### [Task details]
Your copy of the listing should match it exactly, only without pictures.

### [Dataset section]

....

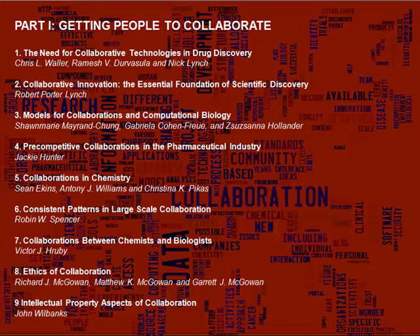Also covered are how people collaborate in chemistry and biology, and the intellectual property aspects of collaboration. We've put this section first because too often projects fail because of the human element. Only by understanding how people think and work together can a manager stave off the people problems that can lead to poor results and expensive failures.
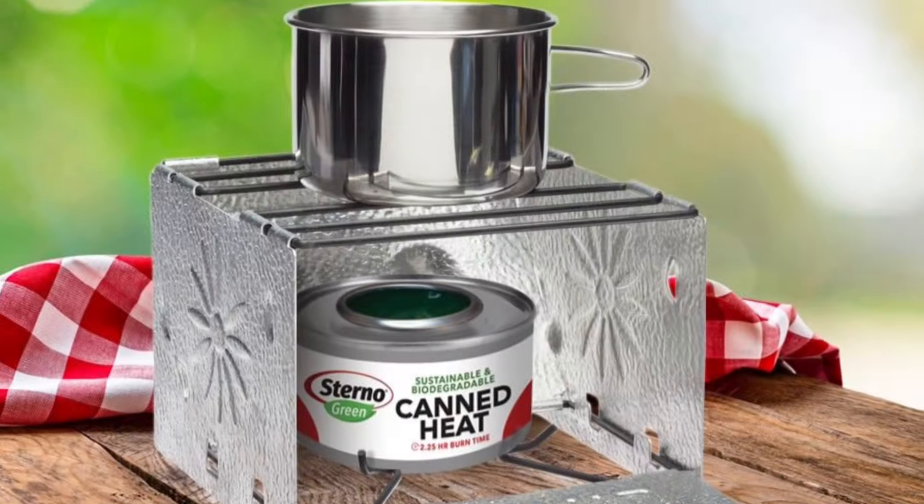An emergency stove with fuel tabs or sterno cans — this is in case you need to boil some water, heat up some food, and keep warm.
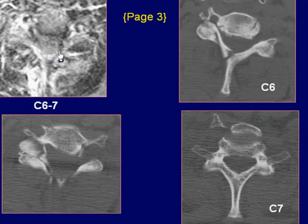Axial T2-weighted image, which is motion degraded, demonstrates hyperintensity adjacent to the spinous process and poor definition of the right facet joint.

....

### [Answer to the problem]
Also covered are how people collaborate in chemistry and biology, and the intellectual property aspects of collaboration. We've put this section first because too often projects fail because of the human element. Only by understanding how people think and work together can a manager stave off the people problems that can lead to poor results and expensive failures.
An emergency stove with fuel tabs or sterno cans — this is in case you need to boil some water, heat up some food, and keep warm.
Axial T2-weighted image, which is motion degraded, demonstrates hyperintensity adjacent to the spinous process and poor definition of the right facet joint.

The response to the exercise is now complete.